A three-layer model for XML with Schematron

This article originally appeared in a blog on O'Reilly on March 23, 2010

The Analytical, the Practical and the Pragmatic

Recently on a trip I talked to some very interesting development people, who were quite worried about a large XML implementation they were in the middle of. They were surprised that it is possible to have XML without a XSD schema; I was more surprised.

And they were worried that they had to do their data modeling using XSD schema, when they thought it might be better to use err a modeling language; after a certain project size, I would agree with them.

But it brought home to me that if might be useful for some of the other ways of looking at the world through XML glasses to be better known. In particular, where does Schematron fit in?

So I made up this little diagram, which corresponds more to how things are panning out on some projects I have been involved in:

  • First, in the analytical layer we create a glossary which lists and defines all the objects the system has. (We may use a UML diagram for this, for connected to Use Cases through a Traceability diagram.) Then the business requirements lists and defines all the relationships between the different objects.
  • Next, we have the practical layer, where we have XML instances that implement the objects, and a Schematron schema that implements the business requirements rules.
  • Finally, we have, if needed, the pragmatic layer. This takes care of any stray issues that relate to how an XML document is transmitted or stored or displayed. For example, we might want to store some of the data in a DBMS, so we would like constrain the field lengths of certain information items. These lengths have nothing to do with any specific business requirement, and might only impact some systems.
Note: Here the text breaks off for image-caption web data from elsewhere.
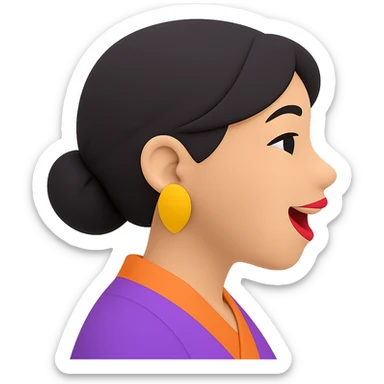 Asian girl profile, right side, talking, with a different hairstyle, in the style of 3D emoji, no background sticker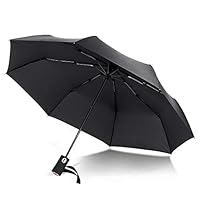 10 Ribs Umbrella,Windproof Travel,Auto Open Close,Folding Sun&Rain,Automatic umbrella with Leather Cover (Black-2)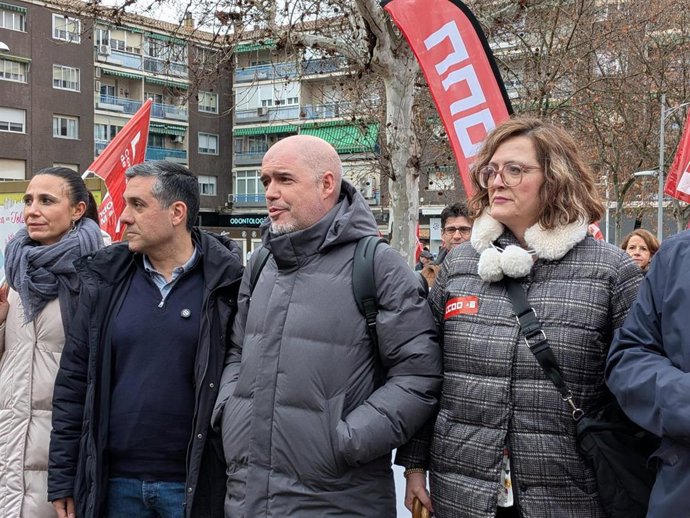 El secretario general de CCOO, Unai Sordo, en la manifestaci&oacute;n en Toledo 'De las respuestas a la acci&oacute;n'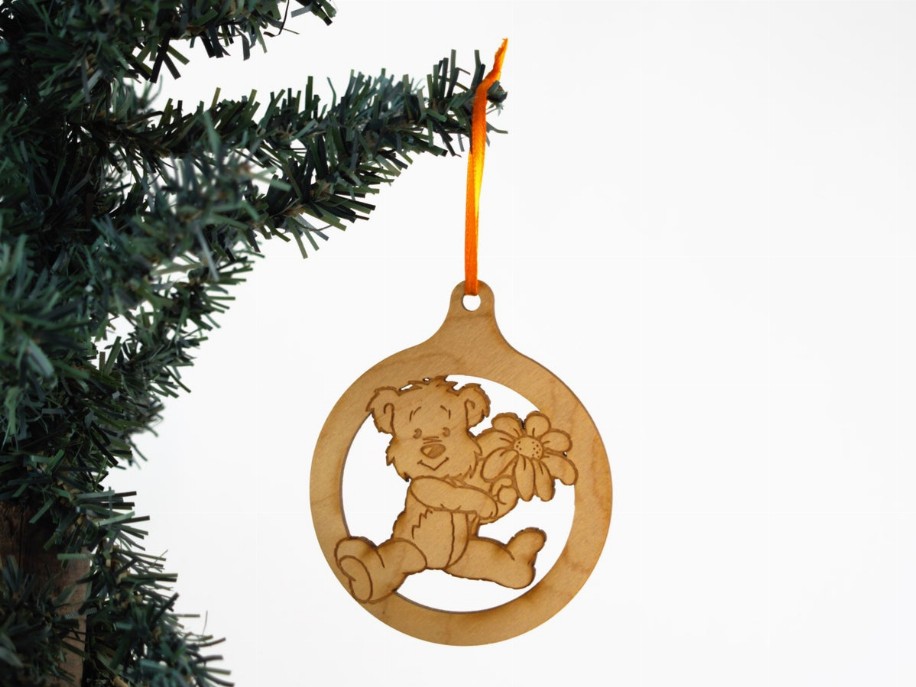 Christmas Themed Unfinished Tree Ornament - Bear with Flower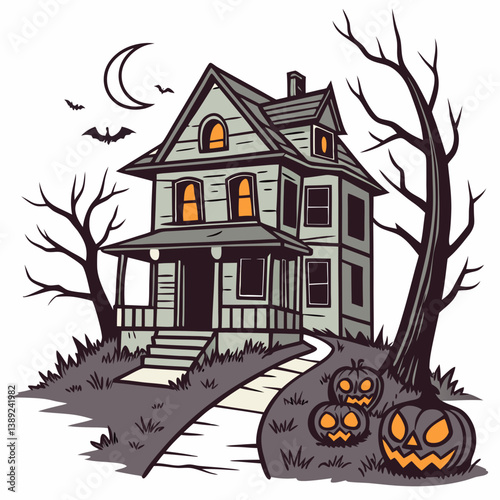 halloween background with house and pumpkin Haunted House with Glowing Jack-o'-Lanterns – Spooky Halloween Vector Design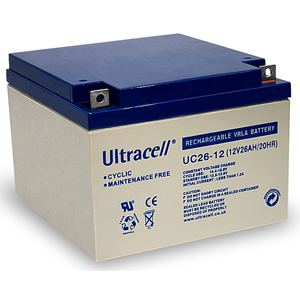 Batterie rechargeable accumulateur reserve energie - 12v 26ah - plomb gel - (166x125x175mm)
They are merely constraints necessary to fit in with some particular extrinsic technology: XML file serialization, DOM object creation, realational data mapping, and so on.The grammar-based schema languages such as RELAX NG and XSD fit in here.

The big difference in this model and conventional ways of thinking about schemas, is the role of the non-Schematron schema languages: they are limited to providing limited pragmatic information, certainly not being used as data models. I often see that people want to use the schema in an analytical position: it does not have to be there, and may not be a good fit there.